De Gaulle, que estava retirado da vida pública, foi reconduzido ao governo -num processo que para muitos tem características de golpe militar-, com a incumbência de resolver a questão argelina, que se agravava. Contrariando parte dos militares, entre eles Massu, De Gaulle optou por defender a independência da Argélia -colônia francesa desde 1830.
Esse é um dos episódios de destaque do livro de Pelissier, 67, que participou da Guerra da Argélia como soldado e trabalhou no jornal conservador "Le Figaro".
Ele defende que a importância de Massu para a história francesa não se resume ao episódio da Batalha de Argel. O general foi também relevante na resistência aos nazistas e na liberação da França (1944). "Massu foi o último grande soldado francês", diz Pelissier na entrevista a seguir, referindo-se ao título de seu livro ("dernier": último, "grognard": denominação para soldado da velha guarda, do tempo de Napoleão).


Folha - Como o sr. descreveria o papel do general Jacques Massu na história contemporânea francesa?
Pierre Pelissier -
Massu não é apenas o general da Batalha de Argel. Ele guardou dessa batalha a imagem de um homem da violência e do combate à guerrilha. Mas sua carreira é completamente outra coisa. Ele foi um dos primeiros a se juntar ao general De Gaulle em 1940, participou dos combates de liberação da França e de Paris em 1944, viveu uma experiência apaixonante na Indochina, antes que a guerra começasse, tentando justamente impedi-la, participou da crise do Canal de Suez. Tem uma história militar extraordinária. A Batalha de Argel durou apenas um ano e é apenas uma pequena parte de sua intervenção na Argélia. Ele permaneceu por lá até 1960, ocupando-se da cidade. Eu ressaltaria ainda o seu papel no 13 de Maio de 1958, quando impediu que uma revolução ou uma guerra civil explodisse na França, conseguindo quase sozinho conduzir De Gaulle ao poder. Massu foi o último grande soldado francês.

Folha - A vitória de Massu em Argel permanece o ponto mais memorável de sua trajetória. Como julgar sua participação na guerra?
Pelissier -
Ele não decidiu pela guerra, não a organizou, não a conduziu nem a concluiu. Então, ele não tem responsabilidade alguma, em nenhum nível.
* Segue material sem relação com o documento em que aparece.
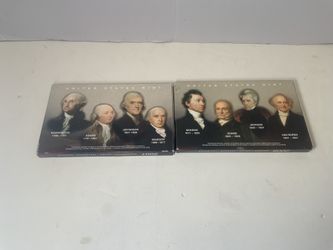 Presidential $1 Proof Sets 2007 & 2008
Ele conduziu e ganhou a Batalha de Argel, que pediram que ele fizesse.

Folha - Não tomou iniciativas que levaram à tortura de argelinos?
Pelissier -
Não. A tortura existia antes dele e continuou existindo depois. E não foi ele quem decidiu que se deveria torturar. Os políticos pediram a Massu e à sua divisão para restabelecer a paz nas ruas de Argel o mais rápido possível. Ora, quando você não tem um adversário conhecido na sua frente, quando esse adversário não usa uniforme, quando se trata de guerrilha, não há muitas alternativas. Em todo país onde houve guerrilha aconteceu o mesmo.

Folha - As relações de Massu com De Gaulle foram sempre marcadas pela fidelidade mútua?
Pelissier -
Sim, uma fidelidade que não impediu desacordos de ambas as partes, mas nunca houve rupturas. Penso inclusive que, se o general De Gaulle tivesse dito em 1958 que iria fazer a independência da Argélia, o general Massu teria trabalhado por isso. O fato, porém, é que De Gaulle nada disse a Massu nem a ninguém.

Folha - Massu lamentava a independência da Argélia?
Pelissier -
Ele lamentou as condições da independência, mas, bem mais tarde, reconheceu que a Argélia seria um peso medonho para a França. Ele pensava que nós não soubemos nos retirar bem do país, que poderíamos ter ajudado os europeus de lá a se instalarem na França e que deveríamos ter trazido os muçulmanos que se bateram pela França.